Toronto-based Bank of Nova Scotia is all set for the year in terms of its asset-backed securitization program after doing a $1.32 billion issue through its Hollis Receivables Term Trust in February.

Of significance, the Hollis Receivables offering, which was backed by Scotia's personal line of credit receivables, is the largest public term securitization ever done in Canada.

"The Hollis Receivables transaction we did in February would probably meet our demand for this year," said Michael Lomas from Scotiabank.

The Hollis deal came after a year driven by large securitization volume.

In the first quarter of 1999, the bank securitized three, four and five year tranches out of its Trillium Credit Card Trust, bringing the total volume securitized through Trillium to C$ 2 billion. The bank also securitized an initial tranche out of Trillium in October 1998.

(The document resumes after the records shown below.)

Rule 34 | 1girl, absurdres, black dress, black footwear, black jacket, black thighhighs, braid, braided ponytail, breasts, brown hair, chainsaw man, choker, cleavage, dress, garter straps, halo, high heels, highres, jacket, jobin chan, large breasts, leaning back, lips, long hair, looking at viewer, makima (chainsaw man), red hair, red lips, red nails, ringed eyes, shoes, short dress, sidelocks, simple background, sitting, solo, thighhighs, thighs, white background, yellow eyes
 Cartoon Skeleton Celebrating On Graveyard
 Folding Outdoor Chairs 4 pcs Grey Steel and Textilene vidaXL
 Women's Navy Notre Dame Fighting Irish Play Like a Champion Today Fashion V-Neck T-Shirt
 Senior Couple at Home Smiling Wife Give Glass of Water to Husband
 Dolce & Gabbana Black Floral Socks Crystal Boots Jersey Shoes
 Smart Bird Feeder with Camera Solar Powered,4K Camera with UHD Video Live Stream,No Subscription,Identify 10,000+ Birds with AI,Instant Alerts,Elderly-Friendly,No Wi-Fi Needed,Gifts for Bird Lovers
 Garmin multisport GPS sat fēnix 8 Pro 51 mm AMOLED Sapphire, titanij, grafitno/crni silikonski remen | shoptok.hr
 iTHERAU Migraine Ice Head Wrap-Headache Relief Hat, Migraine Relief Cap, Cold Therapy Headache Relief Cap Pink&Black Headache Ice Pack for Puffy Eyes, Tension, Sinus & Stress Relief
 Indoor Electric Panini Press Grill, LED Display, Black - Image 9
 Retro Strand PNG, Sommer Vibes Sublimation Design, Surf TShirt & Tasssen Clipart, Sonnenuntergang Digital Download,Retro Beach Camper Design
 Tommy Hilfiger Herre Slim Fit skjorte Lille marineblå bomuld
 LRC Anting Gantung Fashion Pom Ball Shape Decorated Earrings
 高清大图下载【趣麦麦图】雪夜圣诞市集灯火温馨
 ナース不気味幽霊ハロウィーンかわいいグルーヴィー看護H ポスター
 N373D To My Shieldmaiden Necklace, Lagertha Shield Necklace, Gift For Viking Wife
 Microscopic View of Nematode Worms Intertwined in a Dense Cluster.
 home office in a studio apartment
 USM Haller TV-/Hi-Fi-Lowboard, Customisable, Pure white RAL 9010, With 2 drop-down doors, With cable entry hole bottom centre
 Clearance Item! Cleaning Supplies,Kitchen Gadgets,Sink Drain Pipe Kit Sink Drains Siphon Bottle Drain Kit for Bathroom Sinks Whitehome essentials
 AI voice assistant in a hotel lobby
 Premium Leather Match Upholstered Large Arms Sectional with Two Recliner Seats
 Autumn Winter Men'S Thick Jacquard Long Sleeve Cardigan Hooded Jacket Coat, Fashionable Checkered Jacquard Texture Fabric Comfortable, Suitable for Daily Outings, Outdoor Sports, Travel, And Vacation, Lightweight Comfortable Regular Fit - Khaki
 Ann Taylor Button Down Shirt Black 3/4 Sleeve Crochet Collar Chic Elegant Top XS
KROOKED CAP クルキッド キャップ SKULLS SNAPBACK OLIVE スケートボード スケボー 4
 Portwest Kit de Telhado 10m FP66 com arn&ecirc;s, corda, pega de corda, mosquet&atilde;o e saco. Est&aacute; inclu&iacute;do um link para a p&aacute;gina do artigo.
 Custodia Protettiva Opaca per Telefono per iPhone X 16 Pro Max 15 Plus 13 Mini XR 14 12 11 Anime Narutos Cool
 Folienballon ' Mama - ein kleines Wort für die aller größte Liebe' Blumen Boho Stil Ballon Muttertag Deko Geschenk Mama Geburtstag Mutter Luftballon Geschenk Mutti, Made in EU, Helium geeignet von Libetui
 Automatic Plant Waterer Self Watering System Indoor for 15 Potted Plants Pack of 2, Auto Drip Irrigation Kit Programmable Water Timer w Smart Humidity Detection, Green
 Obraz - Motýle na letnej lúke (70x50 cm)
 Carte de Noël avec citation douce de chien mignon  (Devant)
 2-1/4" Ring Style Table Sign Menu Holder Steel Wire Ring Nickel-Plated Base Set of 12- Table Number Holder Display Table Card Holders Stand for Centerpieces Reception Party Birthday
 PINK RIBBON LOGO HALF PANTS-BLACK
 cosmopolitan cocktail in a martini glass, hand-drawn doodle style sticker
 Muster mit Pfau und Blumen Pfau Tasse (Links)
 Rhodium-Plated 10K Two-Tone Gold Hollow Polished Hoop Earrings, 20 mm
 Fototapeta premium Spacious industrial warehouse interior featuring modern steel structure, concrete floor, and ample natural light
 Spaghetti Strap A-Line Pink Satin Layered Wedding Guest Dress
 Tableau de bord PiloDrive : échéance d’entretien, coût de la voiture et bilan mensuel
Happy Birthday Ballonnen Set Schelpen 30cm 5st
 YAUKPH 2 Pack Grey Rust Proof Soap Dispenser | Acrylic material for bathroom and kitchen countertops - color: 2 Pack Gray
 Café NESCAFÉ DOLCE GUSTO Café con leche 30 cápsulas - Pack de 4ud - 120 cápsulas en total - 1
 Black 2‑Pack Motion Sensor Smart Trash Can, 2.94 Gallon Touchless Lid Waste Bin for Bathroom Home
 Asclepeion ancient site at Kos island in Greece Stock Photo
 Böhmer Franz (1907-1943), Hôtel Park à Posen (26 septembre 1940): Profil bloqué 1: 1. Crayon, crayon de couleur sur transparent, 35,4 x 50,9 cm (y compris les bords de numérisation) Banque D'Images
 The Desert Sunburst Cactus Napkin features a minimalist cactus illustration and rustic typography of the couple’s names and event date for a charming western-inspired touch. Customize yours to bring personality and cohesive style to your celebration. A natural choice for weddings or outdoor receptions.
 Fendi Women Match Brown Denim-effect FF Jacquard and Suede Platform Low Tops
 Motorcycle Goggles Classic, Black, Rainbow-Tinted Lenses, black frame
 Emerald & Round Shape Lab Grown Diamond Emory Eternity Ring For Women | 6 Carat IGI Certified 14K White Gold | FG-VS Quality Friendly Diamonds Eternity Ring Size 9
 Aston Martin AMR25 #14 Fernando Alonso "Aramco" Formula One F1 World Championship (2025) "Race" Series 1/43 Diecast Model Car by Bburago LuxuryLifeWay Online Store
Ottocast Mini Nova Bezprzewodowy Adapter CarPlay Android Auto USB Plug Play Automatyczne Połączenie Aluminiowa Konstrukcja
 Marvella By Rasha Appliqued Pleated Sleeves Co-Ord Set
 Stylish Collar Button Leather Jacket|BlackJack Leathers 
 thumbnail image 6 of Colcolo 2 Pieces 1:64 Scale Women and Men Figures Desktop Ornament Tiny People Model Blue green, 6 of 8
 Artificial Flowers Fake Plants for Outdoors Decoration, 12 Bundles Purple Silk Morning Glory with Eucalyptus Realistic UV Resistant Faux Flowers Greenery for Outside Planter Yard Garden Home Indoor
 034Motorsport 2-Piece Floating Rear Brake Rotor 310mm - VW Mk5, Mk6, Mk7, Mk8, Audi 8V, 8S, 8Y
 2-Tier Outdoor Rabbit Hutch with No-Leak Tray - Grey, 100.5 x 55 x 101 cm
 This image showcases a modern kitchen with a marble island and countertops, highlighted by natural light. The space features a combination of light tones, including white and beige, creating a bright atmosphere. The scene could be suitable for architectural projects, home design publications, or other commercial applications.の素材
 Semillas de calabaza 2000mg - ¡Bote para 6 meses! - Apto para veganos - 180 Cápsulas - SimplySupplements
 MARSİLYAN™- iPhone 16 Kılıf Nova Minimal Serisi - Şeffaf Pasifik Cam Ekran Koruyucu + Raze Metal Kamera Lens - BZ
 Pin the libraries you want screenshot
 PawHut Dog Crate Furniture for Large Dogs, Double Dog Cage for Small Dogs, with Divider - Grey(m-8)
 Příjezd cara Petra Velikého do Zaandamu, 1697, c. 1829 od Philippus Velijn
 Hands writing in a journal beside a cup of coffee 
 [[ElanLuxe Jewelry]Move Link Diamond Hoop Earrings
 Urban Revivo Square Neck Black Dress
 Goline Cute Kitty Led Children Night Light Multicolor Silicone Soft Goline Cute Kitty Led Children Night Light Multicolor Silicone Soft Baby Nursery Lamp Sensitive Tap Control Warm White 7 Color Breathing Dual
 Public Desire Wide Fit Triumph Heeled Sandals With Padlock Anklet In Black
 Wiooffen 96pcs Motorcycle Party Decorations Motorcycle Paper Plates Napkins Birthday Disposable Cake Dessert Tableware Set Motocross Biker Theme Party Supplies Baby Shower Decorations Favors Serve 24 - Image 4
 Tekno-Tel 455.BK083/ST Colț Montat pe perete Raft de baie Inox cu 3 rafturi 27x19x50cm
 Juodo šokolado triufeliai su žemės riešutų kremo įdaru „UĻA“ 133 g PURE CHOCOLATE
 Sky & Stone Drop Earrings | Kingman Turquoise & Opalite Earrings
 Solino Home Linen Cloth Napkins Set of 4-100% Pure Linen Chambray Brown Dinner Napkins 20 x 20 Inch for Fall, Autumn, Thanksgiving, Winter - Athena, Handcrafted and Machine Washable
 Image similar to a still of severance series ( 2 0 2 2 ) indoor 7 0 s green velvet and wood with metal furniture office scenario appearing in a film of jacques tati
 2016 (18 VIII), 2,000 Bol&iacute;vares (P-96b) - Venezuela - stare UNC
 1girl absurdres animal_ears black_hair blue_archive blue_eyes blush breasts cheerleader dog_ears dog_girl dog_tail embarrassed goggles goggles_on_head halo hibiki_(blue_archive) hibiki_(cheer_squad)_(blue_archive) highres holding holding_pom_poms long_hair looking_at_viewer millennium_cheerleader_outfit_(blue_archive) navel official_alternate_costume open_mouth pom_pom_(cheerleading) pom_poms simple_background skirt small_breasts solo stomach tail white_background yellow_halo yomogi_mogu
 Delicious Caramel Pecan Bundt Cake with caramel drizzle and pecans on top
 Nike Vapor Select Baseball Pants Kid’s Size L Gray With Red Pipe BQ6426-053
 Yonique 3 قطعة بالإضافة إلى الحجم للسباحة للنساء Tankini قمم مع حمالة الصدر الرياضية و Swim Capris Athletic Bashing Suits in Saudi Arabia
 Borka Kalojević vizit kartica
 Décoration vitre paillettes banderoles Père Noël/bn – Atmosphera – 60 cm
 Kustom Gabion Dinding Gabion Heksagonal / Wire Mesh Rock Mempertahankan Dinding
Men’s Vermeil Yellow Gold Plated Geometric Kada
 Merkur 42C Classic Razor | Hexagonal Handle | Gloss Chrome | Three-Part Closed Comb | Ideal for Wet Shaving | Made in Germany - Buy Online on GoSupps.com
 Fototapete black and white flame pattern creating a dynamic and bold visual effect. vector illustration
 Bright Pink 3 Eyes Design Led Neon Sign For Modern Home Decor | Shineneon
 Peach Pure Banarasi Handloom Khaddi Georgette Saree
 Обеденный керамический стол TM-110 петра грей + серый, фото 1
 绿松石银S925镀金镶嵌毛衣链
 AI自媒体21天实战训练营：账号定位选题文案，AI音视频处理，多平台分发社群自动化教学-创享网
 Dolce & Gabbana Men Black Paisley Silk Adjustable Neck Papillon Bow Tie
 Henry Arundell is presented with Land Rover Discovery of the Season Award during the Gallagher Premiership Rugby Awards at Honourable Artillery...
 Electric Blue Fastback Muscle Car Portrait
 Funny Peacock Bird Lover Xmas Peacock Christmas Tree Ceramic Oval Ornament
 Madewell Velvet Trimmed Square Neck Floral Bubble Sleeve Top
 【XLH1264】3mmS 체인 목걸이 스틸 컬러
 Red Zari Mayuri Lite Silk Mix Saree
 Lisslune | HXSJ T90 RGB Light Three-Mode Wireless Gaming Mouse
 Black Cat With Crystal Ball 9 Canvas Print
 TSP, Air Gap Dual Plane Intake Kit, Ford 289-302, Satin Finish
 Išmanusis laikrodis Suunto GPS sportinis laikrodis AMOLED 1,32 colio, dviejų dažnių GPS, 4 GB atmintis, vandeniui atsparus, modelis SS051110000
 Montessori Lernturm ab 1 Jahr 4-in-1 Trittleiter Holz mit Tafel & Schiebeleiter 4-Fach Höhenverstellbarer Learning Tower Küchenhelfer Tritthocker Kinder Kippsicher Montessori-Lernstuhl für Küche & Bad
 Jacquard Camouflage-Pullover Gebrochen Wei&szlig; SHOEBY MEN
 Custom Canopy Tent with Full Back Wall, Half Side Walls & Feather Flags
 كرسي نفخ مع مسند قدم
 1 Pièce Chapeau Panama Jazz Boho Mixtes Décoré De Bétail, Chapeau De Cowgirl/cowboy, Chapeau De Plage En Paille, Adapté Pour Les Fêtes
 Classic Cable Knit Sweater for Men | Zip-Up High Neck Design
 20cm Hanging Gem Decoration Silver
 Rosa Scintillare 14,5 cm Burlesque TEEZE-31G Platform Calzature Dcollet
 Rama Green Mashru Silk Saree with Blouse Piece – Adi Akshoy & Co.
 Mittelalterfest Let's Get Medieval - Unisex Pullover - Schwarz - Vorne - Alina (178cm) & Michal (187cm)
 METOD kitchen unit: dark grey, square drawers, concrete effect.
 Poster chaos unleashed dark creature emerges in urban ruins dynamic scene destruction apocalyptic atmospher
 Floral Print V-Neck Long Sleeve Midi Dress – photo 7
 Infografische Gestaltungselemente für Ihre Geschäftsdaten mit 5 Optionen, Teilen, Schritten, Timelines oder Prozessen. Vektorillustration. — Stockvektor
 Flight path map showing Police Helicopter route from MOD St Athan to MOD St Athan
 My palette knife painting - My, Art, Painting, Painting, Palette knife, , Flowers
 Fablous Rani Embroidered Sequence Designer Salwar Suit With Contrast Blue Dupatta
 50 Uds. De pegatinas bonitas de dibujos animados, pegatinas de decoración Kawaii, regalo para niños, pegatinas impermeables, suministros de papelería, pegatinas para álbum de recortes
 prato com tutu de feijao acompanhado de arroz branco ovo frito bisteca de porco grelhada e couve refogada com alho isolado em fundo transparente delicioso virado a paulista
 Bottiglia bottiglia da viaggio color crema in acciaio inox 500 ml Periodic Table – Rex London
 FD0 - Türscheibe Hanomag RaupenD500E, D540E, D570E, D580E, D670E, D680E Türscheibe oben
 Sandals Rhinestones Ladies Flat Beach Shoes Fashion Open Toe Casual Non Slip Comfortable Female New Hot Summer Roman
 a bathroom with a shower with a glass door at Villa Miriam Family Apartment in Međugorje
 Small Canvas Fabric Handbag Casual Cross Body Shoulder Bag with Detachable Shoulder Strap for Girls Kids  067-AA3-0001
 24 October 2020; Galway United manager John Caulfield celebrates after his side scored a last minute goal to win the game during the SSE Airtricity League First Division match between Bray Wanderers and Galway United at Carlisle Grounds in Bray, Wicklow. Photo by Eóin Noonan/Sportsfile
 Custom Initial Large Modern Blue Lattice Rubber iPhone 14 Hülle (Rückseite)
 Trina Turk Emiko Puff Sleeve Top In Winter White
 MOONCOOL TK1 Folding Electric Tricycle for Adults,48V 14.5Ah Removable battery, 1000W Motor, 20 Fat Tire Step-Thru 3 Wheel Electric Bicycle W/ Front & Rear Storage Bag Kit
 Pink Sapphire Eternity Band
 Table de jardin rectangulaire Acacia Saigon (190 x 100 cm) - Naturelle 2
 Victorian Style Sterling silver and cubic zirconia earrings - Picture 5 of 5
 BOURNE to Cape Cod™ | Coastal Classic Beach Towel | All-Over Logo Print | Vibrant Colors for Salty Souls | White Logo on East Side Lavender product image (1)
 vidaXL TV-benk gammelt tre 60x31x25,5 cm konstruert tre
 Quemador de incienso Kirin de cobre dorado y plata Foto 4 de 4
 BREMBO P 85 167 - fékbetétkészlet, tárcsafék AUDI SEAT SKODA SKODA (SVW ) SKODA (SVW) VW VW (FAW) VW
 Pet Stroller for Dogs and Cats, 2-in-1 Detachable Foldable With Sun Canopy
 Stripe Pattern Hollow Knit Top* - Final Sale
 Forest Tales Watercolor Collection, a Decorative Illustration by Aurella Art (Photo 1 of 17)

It was also in 1999 when Scotiabank came out with the first Hollis Trust offering. The two-tranche deal was worth $905 million. In 1Q 1999, the bank issued mortgage-backed commercial paper though Lynx Receivables Trust.

"Last year was exceptional in that we did a lot of transactions," Lomas stated. "I think some of that was pent-up from 1998 when market conditions weren't as we expected. There was a lot of volatility in the market then."

Lomas said that even though the bank had a full securitization calendar in 1999, the quality of the deals did not suffer.

"All of the transactions we did last year were quite good and we are pleased with them," he stated. "We didn't lower our standards to do any of them."

Also, doing larger but fewer transactions was an effective strategy for the bank. "It's more cost-effective to do large transactions in terms of legal and other set-up costs and it provides investors with greater liquidity," Lomas noted.

A Late Bloomer

Compared to its peers, Scotiabank is often considered a latecomer to asset-backed securitization.

In fact, its first asset-backed commercial paper (ABCP) transaction through Atlas Auto Loans Receivables Trust came to market only in 1997, while its first term securitization, the first Trillium deal, appeared in 1998.

"We did approach securitization rather tentatively," Lomas said. "Atlas was the first step in 1997 and that went well."

Through Atlas and subsequent securitizations "we saw the benefits of securitizing assets to manage our arbitrage of the regulatory and economic capital that's required to underpin these assets," he noted.

Lomas mentioned that the bank's focus in the last couple of years in terms of its securitization program was to improve its regulatory risk capital ratio.

He added that since Scotiabank's regulatory capital is in fairly good shape it would probably approach securitization a little more selectively in the future. "We don't want to get too far ahead of our peers," Lomas said.

"There's a trade-off between the regulatory capital and funding costs and ratings capital relief that the bank gets," he stated. "So we have to balance a number of different factors since we've gotten to a position we're quite comfortable with now."

Role In The Securitization Arena

Though Scotiabank has "no incremental demand to securitize assets" at present, it is still looking to be an active player in the ABS securitization market going forward.

One of the avenues the bank is exploring is the idea of doing a synthetic collateralized loan obligation. And in addition to the asset classes Scotiabank has securitized - auto loans, personal lines of credit, residential mortgages, and credit cards - the bank is looking into commercial mortgage-backed securities. However, Lomas added, "While we continue to investigate opportunities we're not working on anything right now."

Lomas credits the bank's strong securitizing finance team, Scotia Capital, as a factor in the success of the bank's securitization program.

"We've been able to work with them on a number of different asset classes," he said. "We've got a good team in place and we have developed an exceptional working relationship. The bank has a strong credit culture and this has allowed us flexibility to consider different structures and asset classes."

Timing the markets well is good not only for Scotiabank but for the general Canadian asset-backed market as well.

"I think if we come to a balance between issuers and investors, that should allow for the pricing to reflect the underlying assets," stated Lomas. "This would cause the spreads to tighten in and to be consistent with the ratings, rather than flooding the market with a lot of product that will naturally result in prices and spreads rising. The pricing will reflect the balance rather than the need to place paper."

"I see that we are going to be a major player over time," he added. "But we won't likely be as active as we were in the last couple of years."

Lomas sees Scotiabank's place in the securitization market as trend-setting. "We have been at the forefront over the last couple of years and its presence has probably given a lot more substance to the securitization market in Canada," he noted.

He added that Scotiabank's strong credit performance along with the recent proliferation of the securitization of Canadian bank assets, have helped investors achieve a certain comfort level in Scotiabank ABS offerings.